Quando este aparente consenso foi desestabilizado, a Ciência Política precisou tomar posição. Os best sellers da disciplina, publicados a partir do momento em que a crise da democracia se tornou oficialmente o tema do momento, não escondem seu caráter normativo – e as obras de uma segunda leva, com projetos para “salvar a democracia” (como no título brasileiro de Levitsky e Ziblatt), assumem essa postura de forma ainda mais veemente.
Os estudos sobre polarização permanecem presas da tentação da neutralidade, postulando uma simetria entre os dois lados e colocando toda a manifestação de repulsa por uma determinada posição política no mesmo saco da incivilidade. Com isso, a questão parece ser apenas como reduzir o nível de conflito político.

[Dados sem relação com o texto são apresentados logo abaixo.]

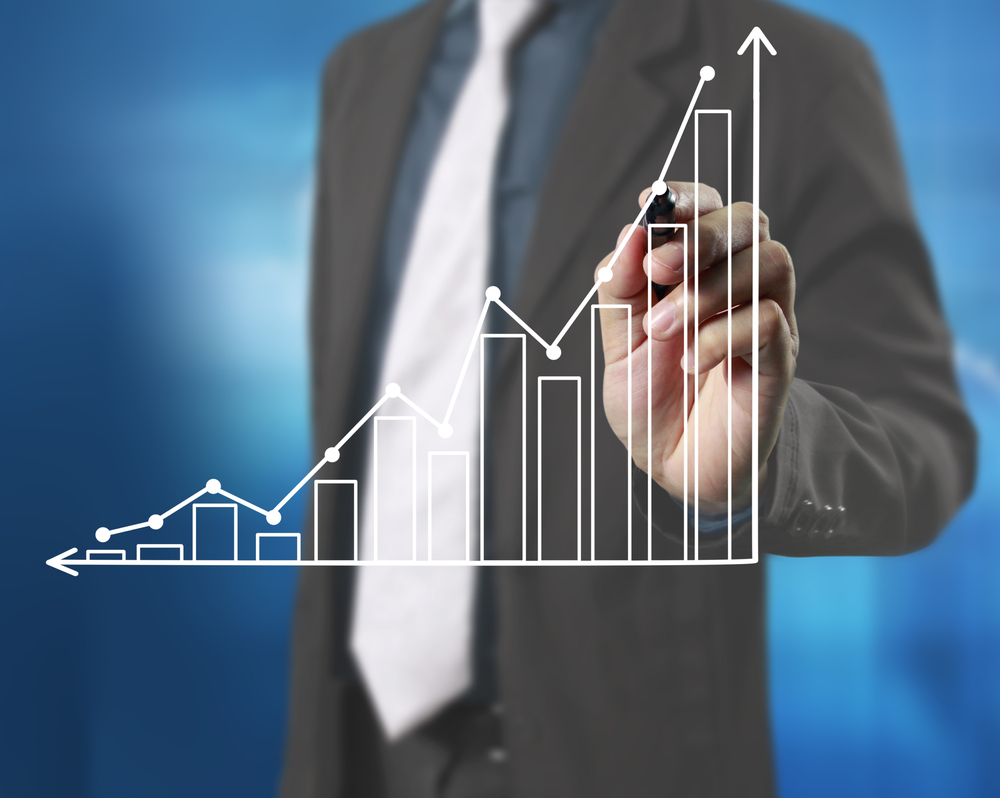 Businessman drawing graphics growing graph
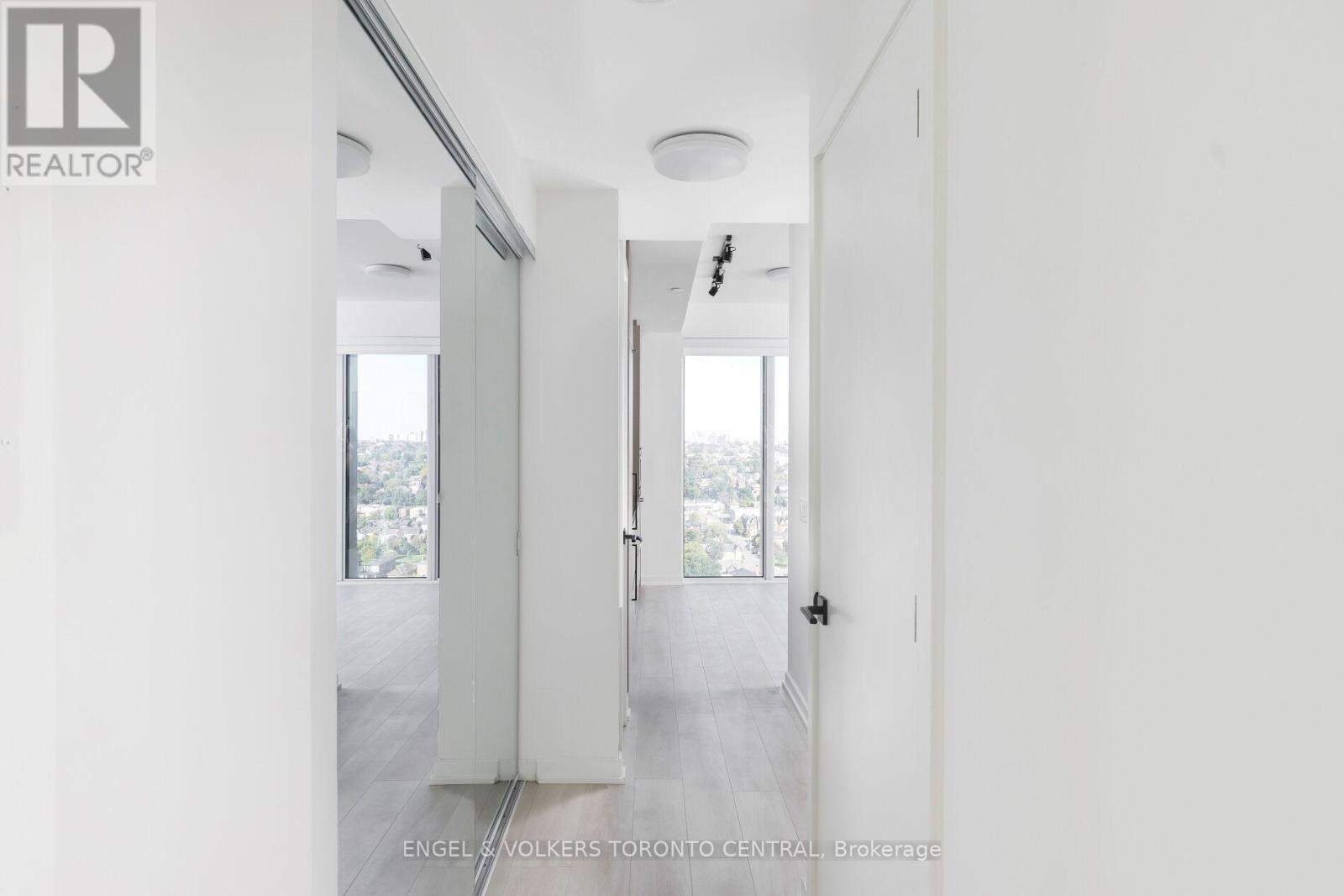 A white hallway with a door on the right and a window on the left.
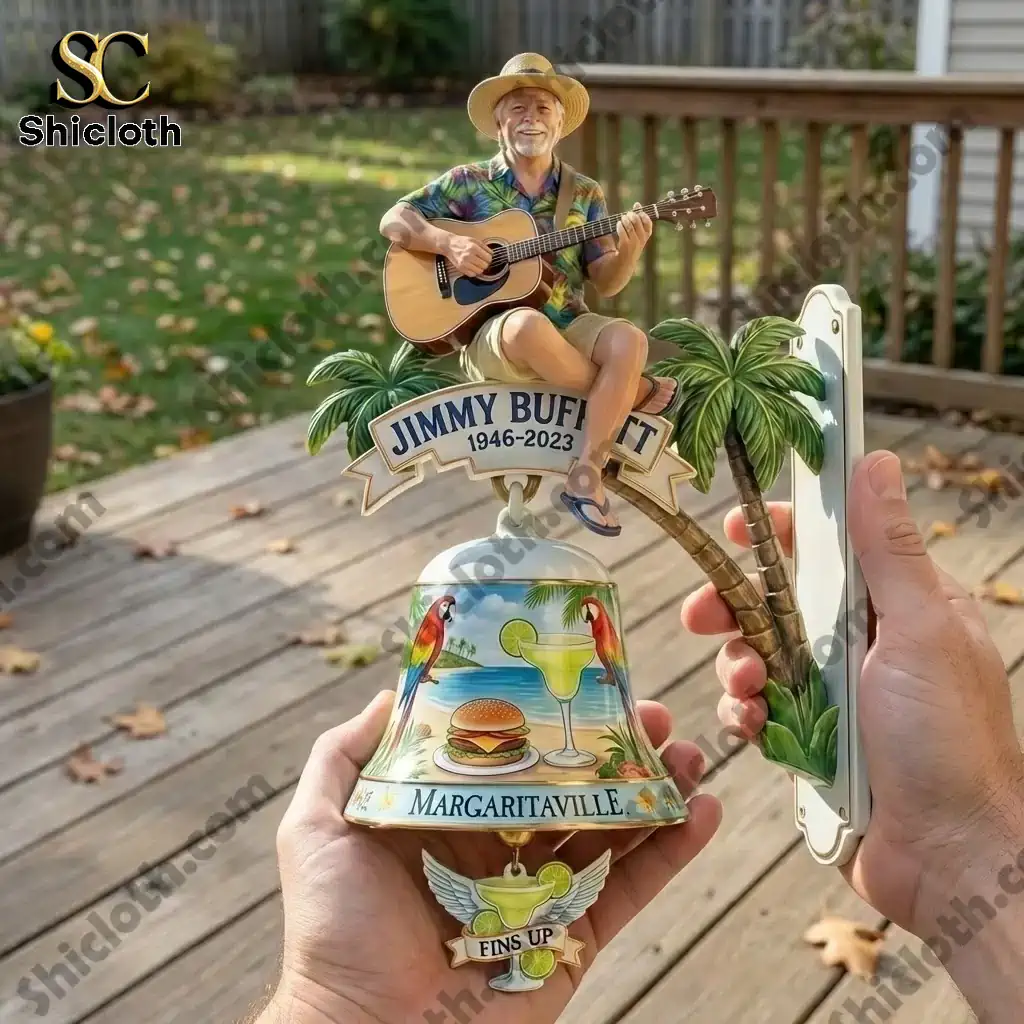Jimmy Buffett Margaritaville wall bell held in hands on wooden deck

Não há dúvida de que manter o conflito em níveis administráveis é uma tarefa indispensável na gestão de qualquer comunidade humana. E que buscar a produção de barganhas aceitáveis entre grupos com interesses divergentes faz parte da ideia de um jogo político decente. Quando estão na arena grupos cujo projeto é a destruição de elementos basilares de nosso arcabouço civilizatório, porém, essa sabedoria convencional se mostra inútil. A questão não é reduzir o nível de conflito entre, digamos, quem propõe que os mais pobres sejam deixados para morrer de fome e quem defende políticas que assegurem sua vida, ou chegar a um meio-termo entre quem nega o colapso climático e quem reconhece o conhecimento científico sobre ele, ou ainda buscar a produção de consensos entre defensores e opositores da vacinação contra doenças contagiosas. Tal como os fascismos da primeira metade do século XX, com os quais guarda tantas afinidades, a nova extrema-direita precisa ser detida.
O comportamento de lideranças como Trump, Bolsonaro, Milei e tantas outras deixa claro que a busca por trocas argumentativas racionais, nos moldes da velhas teorias deliberativas, é inútil. O que a literatura deplora como sendo a polarização é também o fato de que fomos arremessados no espaço da política maquiaveliana em estado puro, sem o verniz que a ordem democrática liberal impunha a ela. Não se trata de gostar ou desgostar da nova situação, mas de reconhecê-la como o fato que é e agir de acordo com esse reconhecimento.